His PR machine has definitely sprung into action. The story is everywhere.

Here's how the New York Post put it:

"People have been predicting his imminent demise. I’m sure he has the best . . . drugs money can buy,” said [an anonymous] source, who works closely with pro sports teams. “He can do anything to keep himself alive.”

The last line in this excerpt shows what money can buy. Sterling doesn't look like a man battling cancer. He just looks old.

For the record, not all prostate cancer requires surgery or radically affects daily life:

And for frame of reference, here's a dude who is definitely not a billionaire who's doing admirably since his diagnosis and treatment:

I'm sorry to hear about Sterling's condition, but the dude is such a manipulator that it wouldn't shock me at all if this was just a ploy to garner sympathy from the public so he would be allowed to keep his team.

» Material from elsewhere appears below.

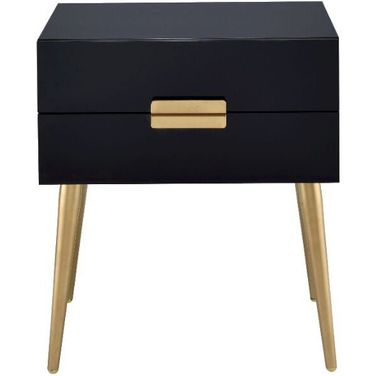 Denvor Black and Gold End Table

And some fans may fall for it.

As well, if you read the entire Post article linked above, notice the part where he's calling friends and asking if they think he's a racist and that he's still in denial about being one. It's yet another clue he's going to fight the NBA tooth and nail.

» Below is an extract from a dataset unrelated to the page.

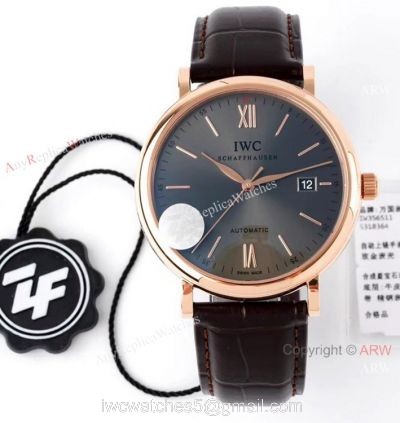 ZF Factory IWC Portofino Swiss 9019 Gray Dial Rose Gold Watches 1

And we're now seeing another angle that could be effective in Sterling's defense. Mike Bianchi of the Orlando Sentinel is taking Dallas Mavericks' owner Mark Cuban's apprehension a step further. He wonders if, for example, Magic owner Rich DeVos will be next due to his well-documented stance against gay marriage. Like Sterling, his statements are not breaking any laws.

So where does the NBA draw the line? Being cynical again, I'd guess it would probably come down to how much money it would cost the owners in cancelled sponsorships, season ticket packages, and/or court expenses.

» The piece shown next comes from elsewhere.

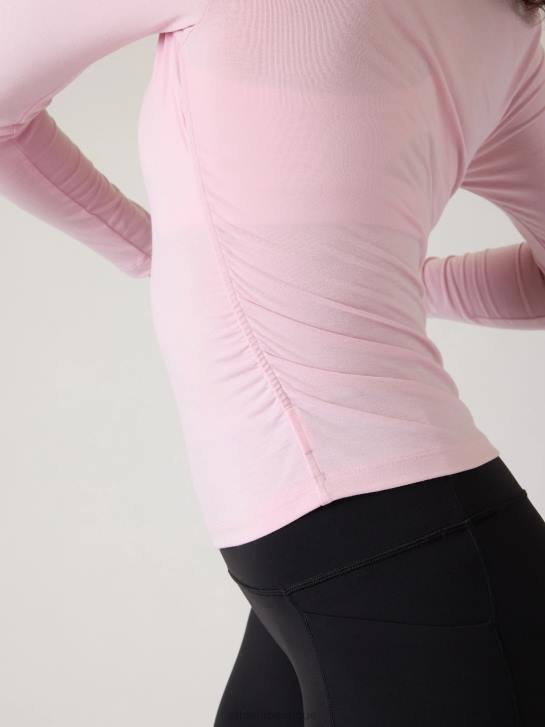 Athleta femmes ceinturez facilement le haut JRTZ525 vêtements bégonia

The Post may have another point, too. It's possible that somewhere in the process -- after things have cooled down somewhat -- contrition may be a route to settlement. What happens if Sterling follows one of these avenues:

  • Michael Vick, who did commit a crime, paid for it, has been a model citizen since, and is back on the job; or
  • Tiger Woods, who did not commit a crime, paid for it, went to a sex-freak re-hab or whatever the hell that was, and emeged from it all as a major ratings attraction on the golf circuit again.

Like it or not, all Sterling needs are a few nervous owners and an effective strategy, and he could be back in business.

Reprehensible, you say? Yes, it is. But this is the way billionaires operate. The Commish has his work cut out for him.